「言葉は力~力は言葉ではなく」
祝町学童クラブ支援員のみなさま
子どもが生まれたときに職場のお一人からお祝いに「おさるのジョージ」(岩波書店)を頂きました。初めて手にする黄色を基調とする絵本でした。絵本環境のなかった僕にとっては子どもが喜んで見る絵本かなと不可思議に思っていました。風呂上がりに胡坐の上に子どもを乗せシャンプーの香りを感じながら絵本を読むことが習慣となっていました。が子どもは一向に飽きることなくジョージシリーズを楽しみにしているのですが、読み手が先に睡魔に襲われることは度々でした。この経験はおそらく僕一人ではないかもしれません。

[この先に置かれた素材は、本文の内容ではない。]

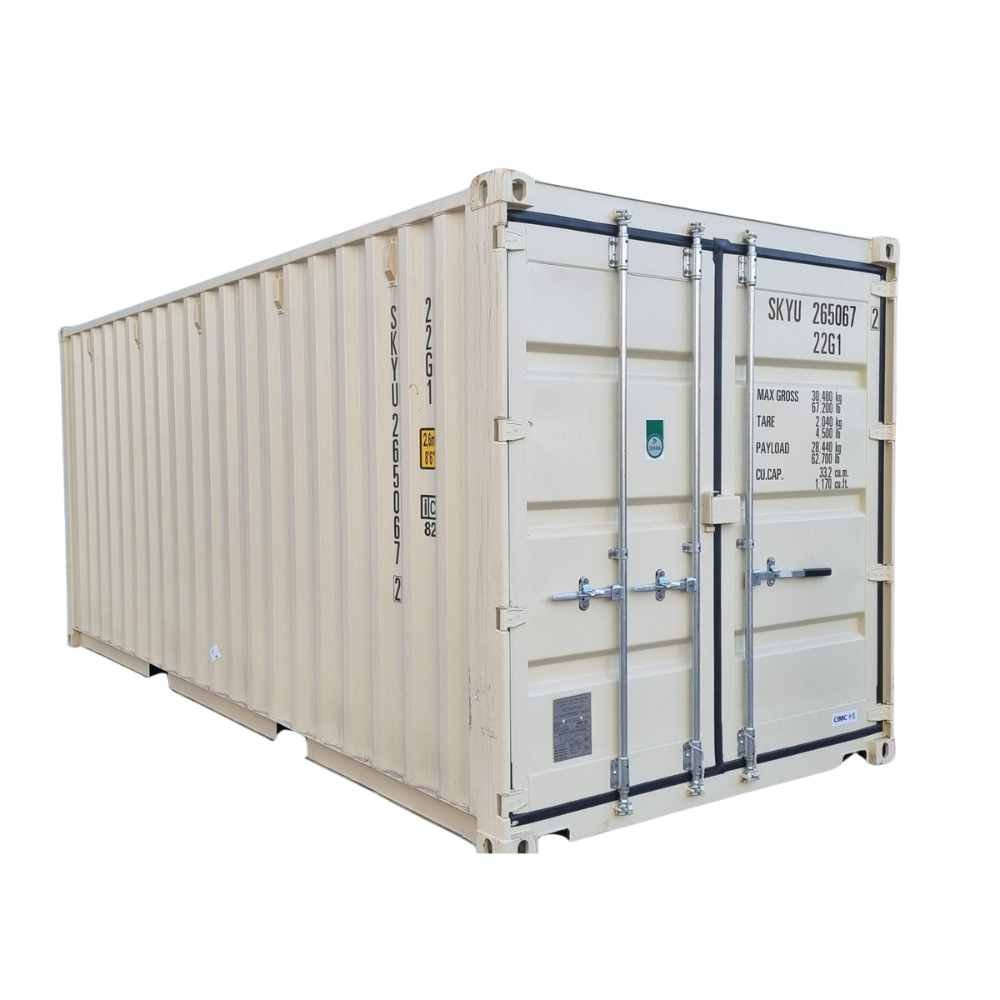 Container standard nuovo da 20 piedi per 8 piedi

1988年にアニメとなってテレビ放映された「アンパンマン」(フレーベル館)も子どもが幼少の時に出合いました。アンパンマンが自分のほっぺを取っておなかがペコペコに人にあげる場面では次男は泣いていました。旅人、森で迷った子どもに自分の顔を食べさせ、顔がなくなった後にはパン作りのおじさんに新しい顔を作ってもらい、おなかの空いた人を助けるために空へ旅立つ物語ですが、自分のほっぺが取られたと錯覚したのか、アンパンマンに感情移入したのか定かではありませんが痛かったのでしょう。分かち合うことはつながりと同時に痛みが伴うとやなせたかしは発信をしていたのでしょうか。

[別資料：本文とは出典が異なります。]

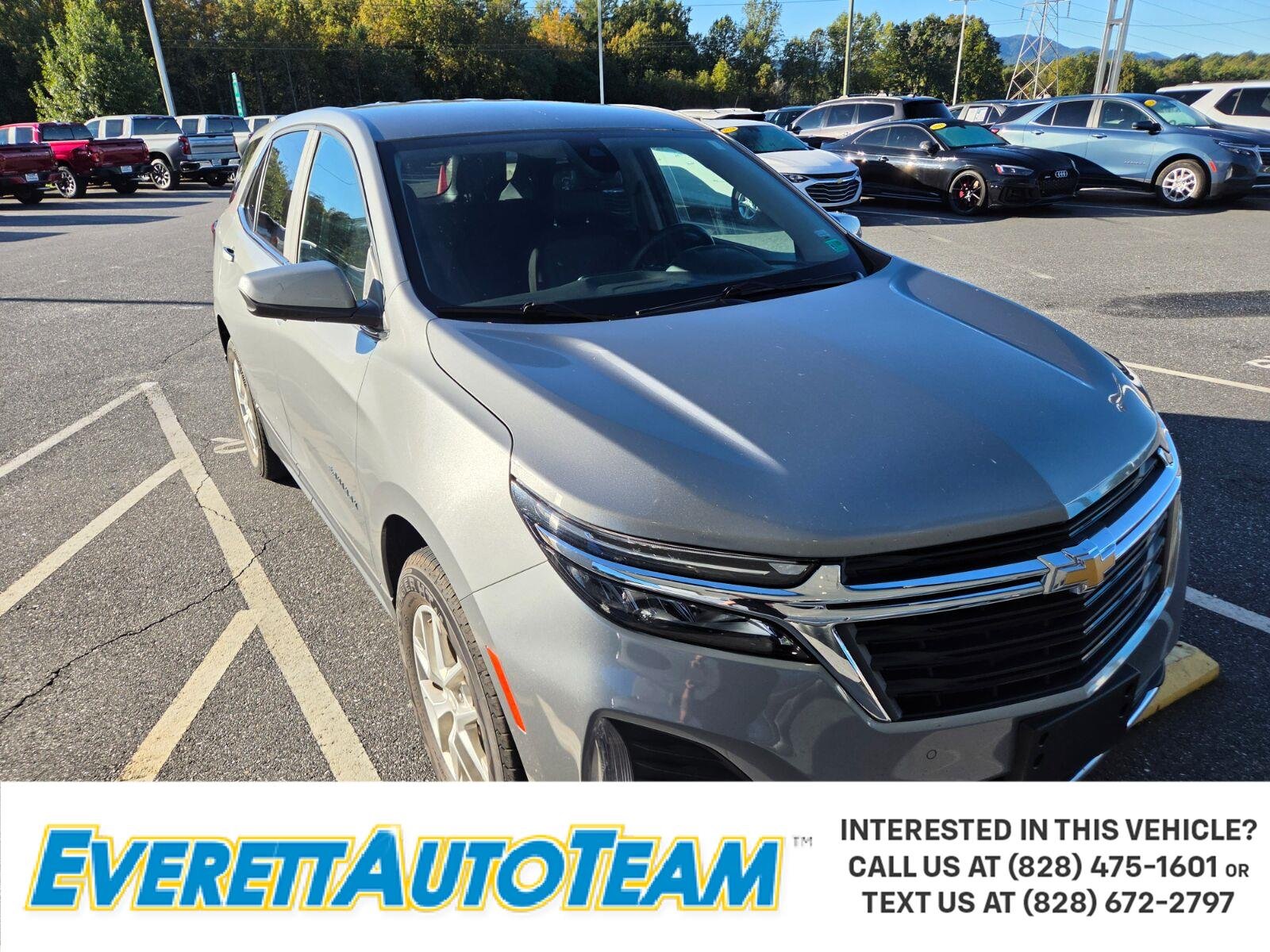 Used 2024 Sterling Gray Metallic Chevrolet LT image 1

♬そうだ うれしいんだ いきるよろこび たとえ むねの きずがいたんでも なんのためにうまれて なにをして生きるのか こたえられないなんて そんなのはいやだ! いまを生きることで あついこころもえる だから きみはいくんだ ほほえんで そうだうれしいんだ 生きるよろこび たとえ むねのきずがいたんでも ああ アンパンマン やさしいきみは いけ! みんなのゆめ まもるため ♬ 《作詞 やなせたかし》
字数を制限するレターとはいえ自分自身は分かったつもりでいたことが分かりました。読み手にとっての分かりやすさに疑問を感じて先月の皐月レターに下線部以下を追加しました。一方、絵本の言葉は「絵」の助けと共に推敲を幾重にも重ねて読者に伝わる言葉で表現されていると思います。子どもを対象にしている“アンパンマン”ですが、一つ一つの言葉を自分が歩んでいる生を通して吟味することがあります。精選された一文一文に作家の心を感じます。作家自らの原体験がやさしく、深く、愉快に伝わり感じ入る絵本に出合うと嬉しくなります。

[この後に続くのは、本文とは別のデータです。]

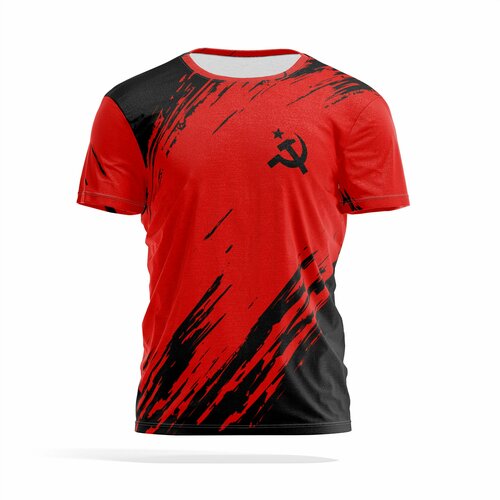 Футболка PANiN Brand, размер XXL, черный, бордовый футболка panin brand размер xxl черный бордовый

「人と自然が和解するとはどういうことでしょうか」「私(中村哲)は自然にも人格があると考えています。だから人格を持つ自然と人間が和解すると表現しているのです」。質問をされたドキュメンタリーカメラマンの谷津賢二は「自然を物言わぬものと思えば、人間は欲望のままに恵みを奪い尽くす。しかし自然に人格があると思えば、対話が成立し、いたわる気持ちも持てる。人は自然と対話しながら、分をわきまえた恵みを受け取ることでしか、私たちの未来は成立しないのではないか」と中村哲医師の真意を理解したという一文に触れた時、武者震いをしました。谷津賢二が彼に触れ、目撃し、薫陶を授かった(ペシャワール会会報151号)21年間の生の凝縮に自然に頭が深く深く下がりました。
やなせたかしの人生、中村哲の人生の足跡を辿れば辿るほどに生の「現場」にどれほどまでに誠実に向き合っているかと省みるばかりのこの頃です。